In December 2015, a patient who has not been named sustained serious injuries during a fall from a low roof at Melbury Lodge at the Royal Hampshire County Hospital, Winchester.

Basingstoke Magistrates' Court will hear the case later this year.

It is the first time the CQC has launched a prosecution against a trust.

Payoff

In October, it emerged the trust's former chief executive Katrina Percy had been given a £190,000 payoff after she left her most recent role there.

She stepped down as chief executive in August, but went straight into a role specially created for her at the same trust with a £240,000-a-year salary and benefits.

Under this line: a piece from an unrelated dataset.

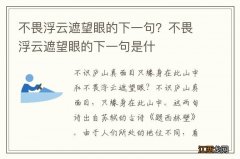 不畏浮云遮望眼的下一句？不畏浮云遮望眼的下一句是什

One of the deaths not investigated properly by Southern Health was that of 18-year-old Connor Sparrowhawk, who died in 2013.

Connor Sparrowhawk
A jury inquest ruled that neglect contributed to the death of Connor Sparrowhawk in 2013.

A jury inquest ruled neglect contributed to the death of Mr Sparrowhawk, who drowned after an epileptic seizure at Slade House in Headington, Oxfordshire.

Southern Health NHS Foundation Trust accepted full responsibility for Mr Sparrowhawk's death.

Afterwards, CQC inspectors concluded the trust was still failing to protect patients from risk of harm.